Comparative Regional Inequality Dynamics: Multiscalar and Multinational Perspectives
This research project will comparatively analyze the dynamics of regional inequality in the United States and China using recent developments in geographic information science. Because the investigators will focus on core-periphery structure, place mobility, and scalar effects, this project will significantly improve basic understanding of spatial inequality. This project will advance knowledge about the dynamics of regional income inequality in a number of different ways. It will provide a systematic study of the multi-scalar nature of regional inequality, thereby providing a clearer picture of the dynamics of regional inequality and its relationship to scale. It will provide new insights about place mobility and about the core-periphery structure in regional development, and it will provide new perspectives regarding the role of geography in regional inequality. Project findings should prove valuable to domestic and international organizations, such as non-profit organizations and the U.S. and Chinese governments, giving them improved understanding of inequality and facilitating the development of more informed policies that address development issues in equitable ways.

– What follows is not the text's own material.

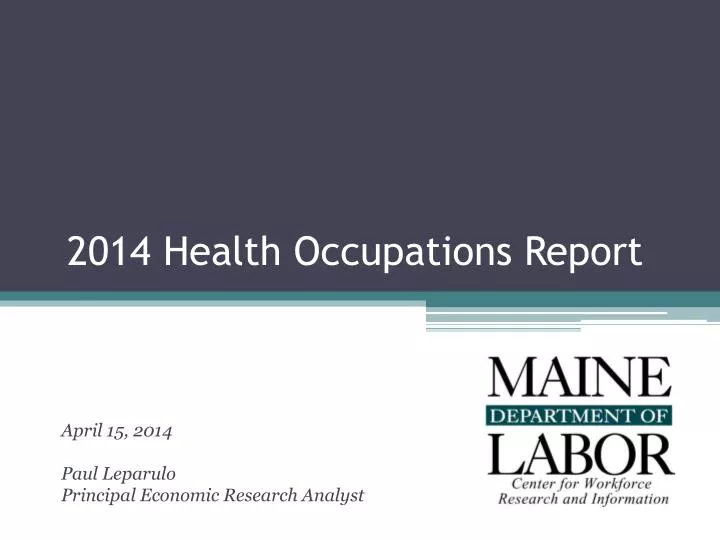 2014 health occupations report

Questions about spatial inequality lie at the heart of the discipline of geography and are of major concern to governments. While the geography of inequality has received new attention from academics and policy makers because of the recent global financial crisis, existing knowledge about spatial inequality dynamics is fragmented. Furthermore, few comparative analyses have sought to synthesize the current state of knowledge. The investigators will analyze regional inequality across states/provinces, metropolitan areas, and counties using conventional and spatial approaches. They will decompose overall inequality into interregional and intraregional components. They will examine regional income mobility using spatial Markov chain, spatiotemporal models, and decomposition techniques, which will focus on changing core-peripheral structure and mobility of places up and down the regional income distribution.